In which case, an important aspect of digital archaeology that differentiates it from the use of computing power to answer archaeological questions is this question of purpose. In this section, we take up this question beginning with the question of teaching digital approaches. We progress by suggesting that digital archaeology is akin to work at the intersection of art and public archaeology and digital humanities. We provide you the necessary basics for setting up your own digital archaeological practice. Entrance into the world of digital archaeology requires organizational ability and facility with versioning files. It is allied with the practice of open notebook science, and it attempts to future-proof by using the simplest file formats and avoiding proprietary software where possible. These are the basics on which the rest of digital archaeological practice is founded.
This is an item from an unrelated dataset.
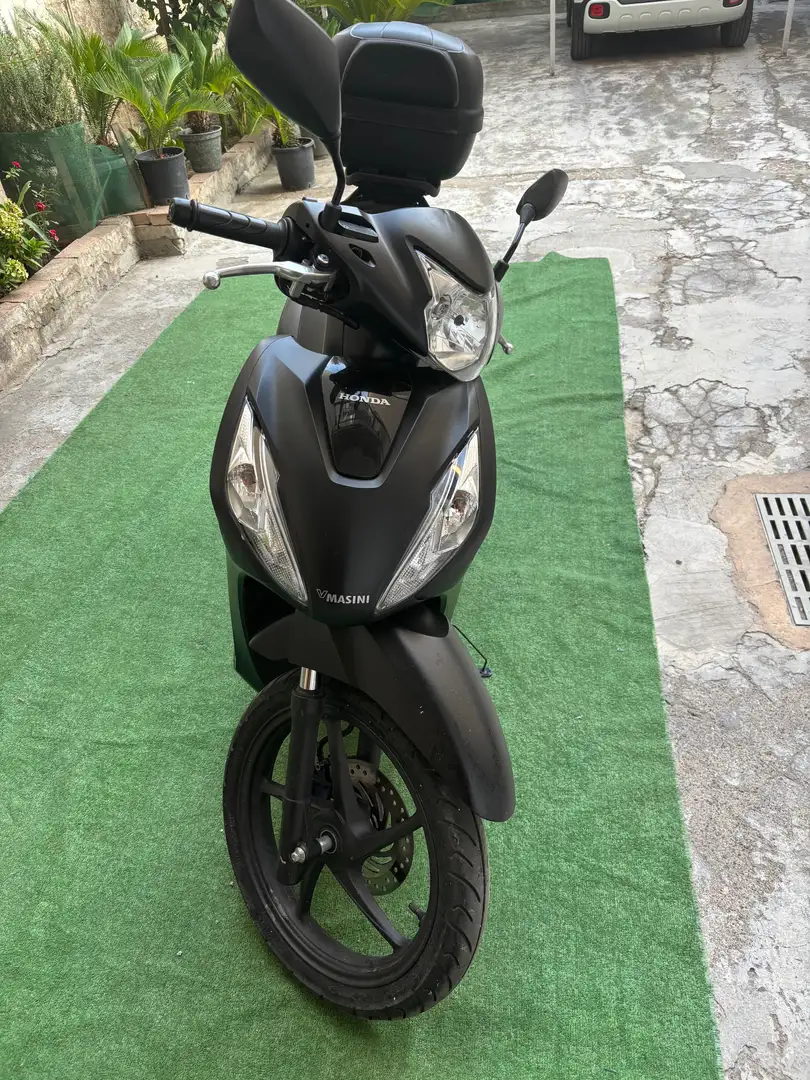 Honda Vision 110 Nero - 1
1.1 So what is Digital Archaeology?

If you are holding this book in your hands, via a device or on paper, or looking at it on your desktop, you might wonder why we feel it necessary to even ask the question. It is important at the outset to make the argument that digital archaeology is not about ‘mere’ tool use. Andrew Goldstone in Debates in the Digital Humanities discusses this tension (Goldstone 2018). He has found (and Lincoln Mullen concurs with regard to his own teaching,(Mullen 2017)) that our current optimism about teaching technical facility is misplaced. Tools first, context second doesn’t work. Alternatively, theory first doesn’t seem to work either. And finally, for anything to work at all, datasets have to be curated and carefully pruned for their pedagogical value. We can’t simply turn students loose on a dataset (or worse, ask them to build their own) and expect ‘learning’ to happen.
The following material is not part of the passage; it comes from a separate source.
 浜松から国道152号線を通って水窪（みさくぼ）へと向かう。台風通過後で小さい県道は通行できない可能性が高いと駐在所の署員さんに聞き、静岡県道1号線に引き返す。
Our approach in this volume is to resolve that seeming paradox by providing not just the tools, and not just the data, but also the computer itself. Archaeologically, this puts our volume in dialog with the work of scholars such as Ben Marwick, who makes available with his research the code, the dependencies, and sometimes, an entire virtual machine, to enable other scholars to replicate, reuse, or dispute his conclusions. We want you to reuse our code, to study it, and to improve upon it. We want you to annotate our pages, and point out our errors. For us, digital archaeology is not the mere use of computational tools to answer archaeological questions. Rather, it is to enable the audience for archaeological thinking to enter into conversation with us, and to do archaeology for themselves.
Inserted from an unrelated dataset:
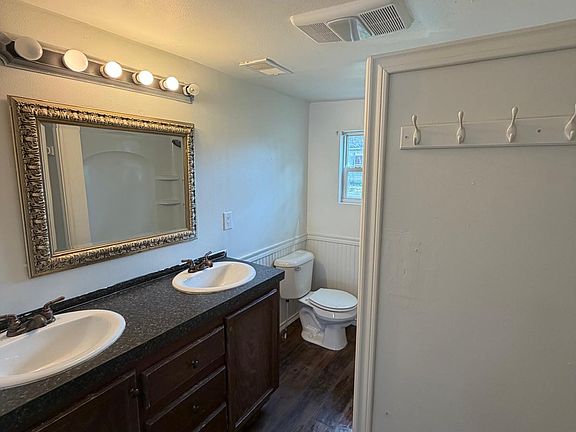 5th image of 301 W Austin Ave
Digital archaeology is necessarily a public archaeology. This is its principal difference with what has come before, for never forget, there has been at least a half-century of innovative use of computational power for archaeological knowledge building.

Ethan Watrall has drawn the histoy of computational archaeology/digital archaeology all the way back to the pioneering work of James Deetz in the 1960s, who used computers at MIT to perform stylistic analyses of Arikara ceramics (Ethan Watrall 2017, Deetz (1965)). Most early interest in computation for archaeology was centred on the potential for computational databases, although ambition often out-stripped capability. By the 1970s, serious efforts were being put into work to build the infrastructural knowledge necessary to make and usefully query archaeological datasets. One can see this concern play out by considering a topic model (Shawn Graham 2014) of the early volumes of the Computer Applications in Archaeology (a topic model is a way of deducing latent patterns of discourse within text, based on patternings of words (See Graham, Weingart, and Milligan 2012)):

topic 1 – computer, program, may, storage, then, excavation, recording, all, into, form, using, retrieval, any, user, output, records, package, entry, one, unit

topic 6: but, they, one, time, their, all, some, only, will, there, would, what, very, our, other, any, most, them, even

topic 20: some, will, many, there, field, problems, may, but, archaeologists, excavation, their, they, recording, however, record, new, systems, most, should, need

The beginnings of the CAA are marked by hesitation and prognostication: what are computers for, in archaeology? There is a sense that for archaeologists, computation is something that will be useful insofar as it can be helpful for recording information in the field. By the 1980s desktop computing was becoming sufficiently widespread that the use of geographic information systems was feasible for more and more archaeologists. The other ‘killer app’ of the time was computer-aided design, which allowed metric 3d reconstructions from the plans drawn on site by excavators. Yet, computational resources were still limited enough that computing was not something that one could merely ‘play’ with. Software was costly, computation took time, and training resources were put into learning the proprietary packages that existed (rather than coding knowledge). By the 1990s, the introduction of the cd-rom and the shift in PC gaming technologies from primarily text-based to graphical based games led to teaching simulations for archaeology, most notably T. Douglas Price and Anne Birgitte Gebauer’s Adventures in Fugawiland. Watrall identifies the emergence of the web as being not so much a boon for computational archaeology as it was for public archaeology (although the pioneering journal Internet Archaeology was first published in 1996); nevertheless, the birth of the web (which it must be remembered is distinct from and overlays the internet) allowed for a step-change in the effectiveness of the dissemination of open-source software and code, including practices for remote collaboration on code that are now beginning to percolate into scholarly publication.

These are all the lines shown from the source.